**INSTRUCTIONS TO FOLLOW**
The task calls for the lines below from the line with "webcam girl little_effy18 image #1460763" to the line with "ACUTOP Kinesio Tape", both ends included, copied exactly, without any pictures.

++++++++

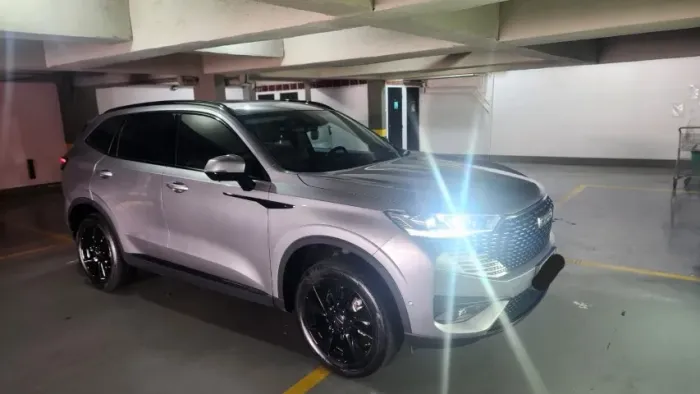 GWM Haval H6 Premium HEV 2024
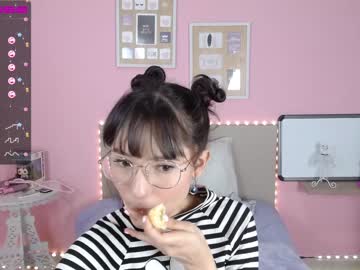 webcam girl little_effy18 image #1460763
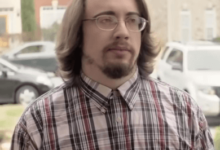 Sam Hyde Net Worth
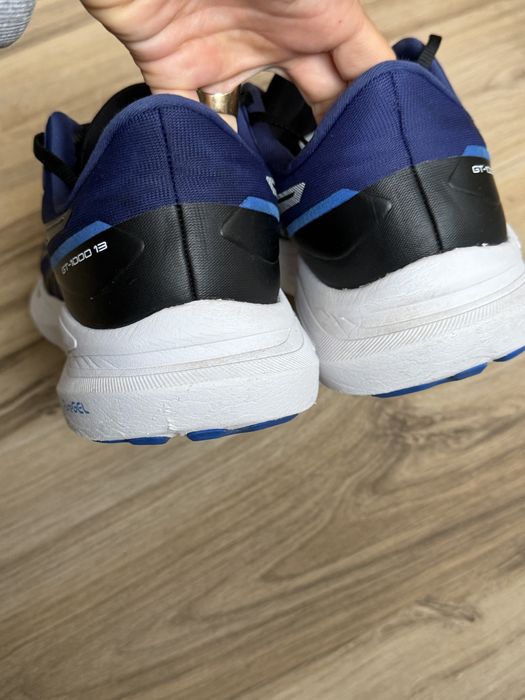 Оригинални мъжки маратонки Asic Gel GT-1000 13 ! 48 н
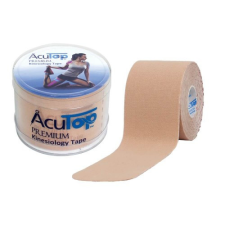 ACUTOP Kinesio Tape Acutop Premium Bézs gyógyászati segédeszköz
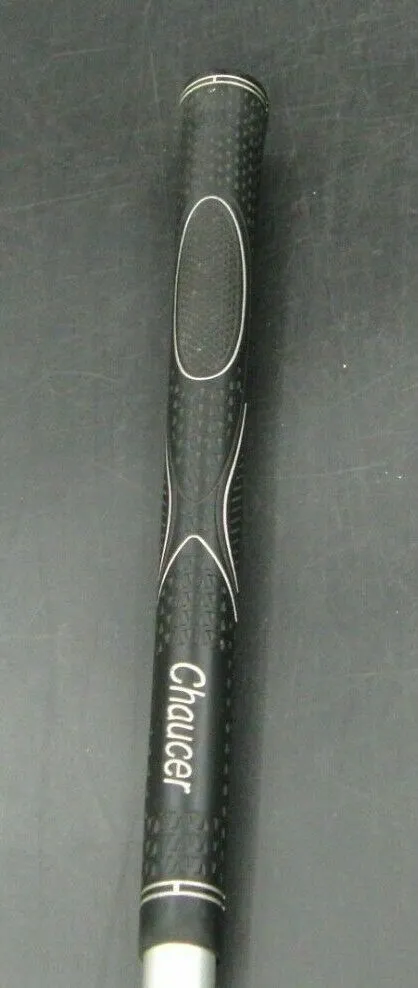 Japanese U-06 22° 5 Hybrid Regular Graphite Shaft Chaucer Grip 7 Japanese U-06 22° 5 Hybrid Regular Graphite Shaft Chaucer Grip - Image 5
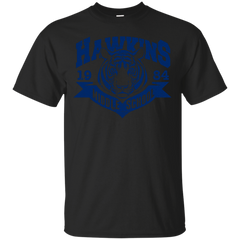 Stranger Things - Hawkins Middle School Tigers stranger things T Shirt & Hoodie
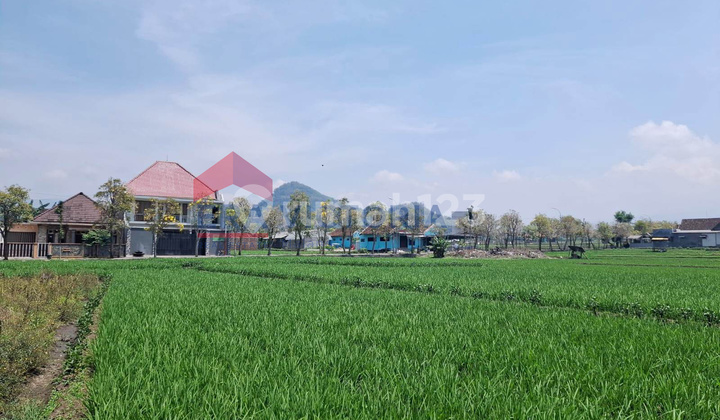 Tanah Strategis Dekat Pusdik Pendem, Bisa Dibeli Sebagian Sesuai Kebutuhan Tanah Strategis Dekat Pusdik Pendem, Bisa Dibeli Sebagian Sesuai Kebutuhan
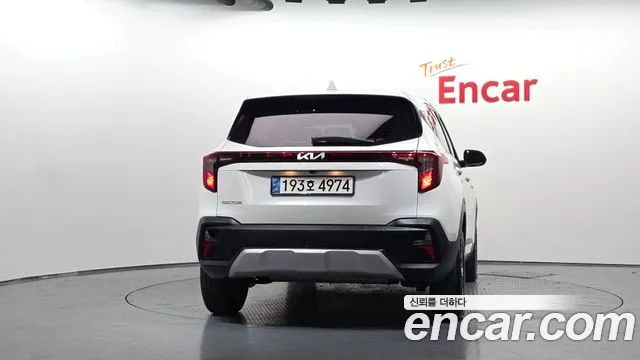 Kia Seltos 2022 thumb 4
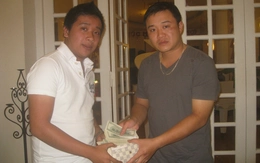 Một Việt kiều Mỹ bỏ quên hàng nghìn USD ở sân bay Đà Nẵng
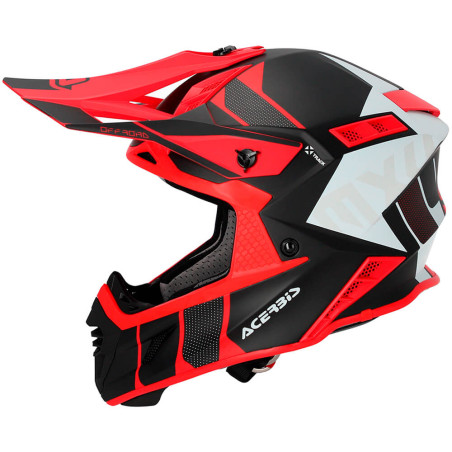 CASCO ACERBIS X-TRACK 22.06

++++++++

**ANSWER BOX**
 webcam girl little_effy18 image #1460763
 Sam Hyde Net Worth
 Оригинални мъжки маратонки Asic Gel GT-1000 13 ! 48 н
 ACUTOP Kinesio Tape Acutop Premium Bézs gyógyászati segédeszköz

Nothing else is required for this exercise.